Modern applied AI/ML
Projects grounded in practicality for today's world— multi-modal models, finetuning, agents, RAG, and other useful AI/ML tooling.
Captcha solving computer use agents In progress· computer use agents to complete web tasks and captchas while mimicking plausible human behavior: Playwright harness, SFT & RL, gym environment, and my own data designer to turn manually collected seed data into high-quality synthetic data.
discord_style_sft — Multi-turn supervised fine-tuning from raw, personal conversational data with focus on high-quality dialogue SFT to instill writing style and tone/behavior. Uses Unsloth's training library for fused MoE kernels & LoRA on qwen3.5-35b-a3b, training based on model interpretability research papers & my own layer/module probing via gradient analysis, LoRA hotswap to vLLM for efficient inference and parallelized multi-modal evals, and more.
Legal-RAG — Hosting models locally for embeddings and ranking, Chroma and Elasticsearch, reciprocal rank fusion for hybrid retrieval, agentic search, chatbot layer. Reranker finetuning on Google Cloud Platform (Kubernetes Engine and Compute Engine) with ephemeral/spot GPU considerations—training infrastructure code. High performance on evals across the board: millions of embeddings and 250,000+ PDF pages from real-world data such as the US Code of Federal Regulations.
lambda_gpu_availability — Lambda Cloud GPU capacity in near real time: stock, alerts, optional auto-launch (“Snipe”), instance list/terminate—built because GPU availability was the main bottleneck for months.
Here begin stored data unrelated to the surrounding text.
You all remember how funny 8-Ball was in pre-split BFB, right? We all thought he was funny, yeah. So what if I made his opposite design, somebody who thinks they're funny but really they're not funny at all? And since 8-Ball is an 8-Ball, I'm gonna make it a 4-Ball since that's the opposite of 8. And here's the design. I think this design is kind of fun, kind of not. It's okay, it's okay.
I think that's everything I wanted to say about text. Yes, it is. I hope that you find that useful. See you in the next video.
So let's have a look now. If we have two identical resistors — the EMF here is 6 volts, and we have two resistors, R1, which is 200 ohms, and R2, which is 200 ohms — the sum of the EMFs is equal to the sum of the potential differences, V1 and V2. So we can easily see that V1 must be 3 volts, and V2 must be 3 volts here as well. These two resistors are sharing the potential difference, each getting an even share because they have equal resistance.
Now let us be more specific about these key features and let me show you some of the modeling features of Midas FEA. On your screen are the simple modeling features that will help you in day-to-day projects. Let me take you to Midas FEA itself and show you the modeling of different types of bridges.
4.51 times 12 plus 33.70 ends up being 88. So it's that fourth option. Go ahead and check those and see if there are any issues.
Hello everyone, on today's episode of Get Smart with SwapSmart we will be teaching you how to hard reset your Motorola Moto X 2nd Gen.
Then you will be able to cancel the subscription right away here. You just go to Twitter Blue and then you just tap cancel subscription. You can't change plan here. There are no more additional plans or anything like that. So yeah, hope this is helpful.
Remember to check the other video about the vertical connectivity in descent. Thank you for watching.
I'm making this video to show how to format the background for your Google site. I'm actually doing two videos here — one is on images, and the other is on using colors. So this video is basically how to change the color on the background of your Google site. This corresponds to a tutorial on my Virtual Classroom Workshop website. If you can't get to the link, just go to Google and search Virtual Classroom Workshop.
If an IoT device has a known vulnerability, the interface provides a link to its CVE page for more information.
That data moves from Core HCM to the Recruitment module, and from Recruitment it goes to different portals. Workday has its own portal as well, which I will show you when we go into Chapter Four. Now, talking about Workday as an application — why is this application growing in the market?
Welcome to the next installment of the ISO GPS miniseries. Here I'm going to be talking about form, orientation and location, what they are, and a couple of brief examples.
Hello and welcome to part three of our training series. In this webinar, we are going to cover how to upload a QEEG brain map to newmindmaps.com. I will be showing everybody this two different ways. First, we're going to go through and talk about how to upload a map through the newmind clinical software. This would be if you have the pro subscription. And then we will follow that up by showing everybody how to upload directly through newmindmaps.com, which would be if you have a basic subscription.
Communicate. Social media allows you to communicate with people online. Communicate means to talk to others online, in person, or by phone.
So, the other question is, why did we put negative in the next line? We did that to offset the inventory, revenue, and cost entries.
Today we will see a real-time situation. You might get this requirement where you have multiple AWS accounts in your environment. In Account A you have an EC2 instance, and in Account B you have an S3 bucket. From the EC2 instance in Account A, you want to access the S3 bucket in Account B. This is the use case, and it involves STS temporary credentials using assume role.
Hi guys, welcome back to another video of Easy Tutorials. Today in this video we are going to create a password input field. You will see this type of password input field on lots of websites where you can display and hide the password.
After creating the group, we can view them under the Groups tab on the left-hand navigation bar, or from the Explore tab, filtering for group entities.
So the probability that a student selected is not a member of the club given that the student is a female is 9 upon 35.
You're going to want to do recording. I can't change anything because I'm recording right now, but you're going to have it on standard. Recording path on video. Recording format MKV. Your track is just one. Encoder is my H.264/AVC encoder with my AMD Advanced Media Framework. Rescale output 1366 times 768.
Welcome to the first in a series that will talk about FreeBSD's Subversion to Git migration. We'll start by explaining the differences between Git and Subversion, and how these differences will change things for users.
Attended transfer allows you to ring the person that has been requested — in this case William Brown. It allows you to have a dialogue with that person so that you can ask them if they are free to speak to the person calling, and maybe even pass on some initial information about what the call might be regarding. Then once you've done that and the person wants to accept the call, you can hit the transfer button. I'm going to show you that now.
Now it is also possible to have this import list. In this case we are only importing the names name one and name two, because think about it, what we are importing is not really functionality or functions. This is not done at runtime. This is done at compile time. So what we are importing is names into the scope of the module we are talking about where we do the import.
LLM vram calculator — Heavily vibe coded, but useful for telling if training or inference will OOM; contains interactive visuals showing the impact that different parameters have on vram: sequence length, batch size, gradient checkpointing, LoRA, optimizers, float precisions, and model weights. Refactor planned for the future.
Foundations: applied ML theory & history (click here)
I spent a long stretch going deep on fundamentals—math, classical ML, to modern deep learning—with hands-on implementations. The main idea was to apply what I learned from research papers along the way.
language-model-pretraining — Roughly 450M-parameter modern dense transformer, trained on the order of 10B tokens; distributed data parallel on 8×A100 GPUs, my own training loops with checkpointing and model loading, PyTorch transformer implementation with SwiGLU, RMSNorm, Grouped Query Attention (GQA), RoPE, etc.
llama_3.1_8b_base_sft — Instruction tuning the Llama 3.1 8B base checkpoint with LoRA, quantization exploration, complete with evals across the board (tinyMMLU, IFEval).
Attention is all you need — After learning classical ML theory, worked up to understanding and implementing the original transformers paper in PyTorch: sinusoidal positional encodings, LayerNorm, and different flavors of transformers (encoder-only, decoder-only, encoder-decoder). Some statistics learning for LayerNorm/RMSNorm; geometry/trigonometry for positional encodings, whether sinusoidal or eventually RoPE.
Other — The RAG project above touches on encoder-only transformers and their applications: from the original BERT model to variants (e.g. XLM-RoBERTa) for embeddings and reranking, plus how they're trained.